Worcestershire v Hampshire, New Road, 2nd day June 9, 2014

Maiden Cox ton is Worcs reward

Vithushan Ehantharajah at New Road

Hampshire 10 for 1 trail Worcestershire 402 for 9 dec (Cox 104, Kervezee 80) by 392 runs

Ben Cox scored his maiden first-class hundred to help Worcestershire beyond par and to a useful first-innings score on a two-paced pitch. At 22, he is young enough to be heralded as a prospect, even if, by his own admission, this score has been a long time coming. To his credit, his batting here looked like he had done it many times before.

The day started, eventually, at 2.15pm. Then, Cox was expected to play back-up to Alexei Kervezee, who was set overnight on 65 and thought to hold the key to a competitive total. He could only add 15 runs to his score before he thumped a juicy short ball into the palms of a surprised James Vince at short midwicket.

From that point - 199 for 5 - Cox played the lead role with great conviction. With Kervezee, he had grown in confidence, punching down the ground to bring up their fifty partnership after using James Tomlinson's pace and angle to drop his back knee and drive him behind point for four.

Patience is a nuisance for any young man. Since signing a four-year contract at the end of the 2009 season, Cox's position as first choice behind the stumps has been far from certain.

He put in an accomplished display on Championship debut at the end of the 2009 season, scoring 61 in his maiden innings against an experienced Somerset attack. But upon completing his A levels in 2010, Cox struggled to make the position his own, averaging 18 and then 12 in successive seasons, ceding the gloves to Ben Scott in the process.

With his contract expiring at the end of 2013, he would be forgiven for wondering if that was it, with Worcestershire bringing in Western Australian keeper Michael Johnson at the start of the season. Abject performances from Johnson - 184 runs at 14.15 - meant Cox was given six appearances. Again, his return was modest but it was enough to earn him another year at New Road.

Two half-centuries already this summer hinted at a renewed sense of belief with the bat. Certainly his keeping has come on leaps and bounds, earning high praise from Essex captain James Foster, who described him as "one of the best young keepers" he had ever seen. The numbers alone tell a story - he already has more first-class runs now than he managed in the entirety of previous campaigns.

He was composed throughout, certainly to the onlooker, until the nineties when he had to constantly remind himself that he couldn't just throw the bat at the ball to get to his century. "I was a nervous wreck," he said afterwards, almost taking himself back to that period he spent either facing up and yearning to swing or looking over at the scoreboard.

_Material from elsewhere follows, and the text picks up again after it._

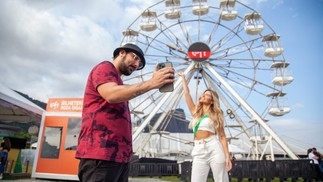 A influencer Mariana Reis registra momento diante da roda-gigante, que virou a “queridinha” dos que não dispensam uma bela selfie Agência O Globo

He went back to his routines and tried to get the nerves out of him. Within four, he talked himself out of throwing his hands at one. "Thankfully, I got it through midwicket," he said of the ball he received on 99, which he worked away for three runs.

There were two punches of the air - one for the first run, another for the third that took him to 102 - before he removed his helmet and jumped with elation, turning to salute a packed Worcestershire balcony, who were almost as nervous as he was. The relief, on both sides of the boundary, was palpable.

"It was amazing, to be honest - amazing," he reflected, exhausted and jubilant, in equal measure. He was visibly lost for words, wary that he might even resort to profanity when describing how much this first jaunt to three figures meant to him. His family were here to witness it, as they have been for most of his innings this season. "They're the biggest badgers Worcester have got!"

It is easy to become effusive about a player finally realising potential and turning it into something excitingly tangible. Cox himself was quick to pull himself up on that, when put the idea that he has joined the pecking order of England wicketkeepers. "There are loads to be fair," he laughed, when the question was being uttered.

For Worcestershire, however, there is scope for some short-term optimism. Jack Shantry emerged with a bat like a traction engine to pillage six boundaries and, with some help from Saeed Ajmal, 400 was brought up in the 118th over.

The declaration followed and further success was garnered when Michael Carberry fell to Shantry's leg-slip trick when he helped the first ball of the Hampshire first innings reply on its way.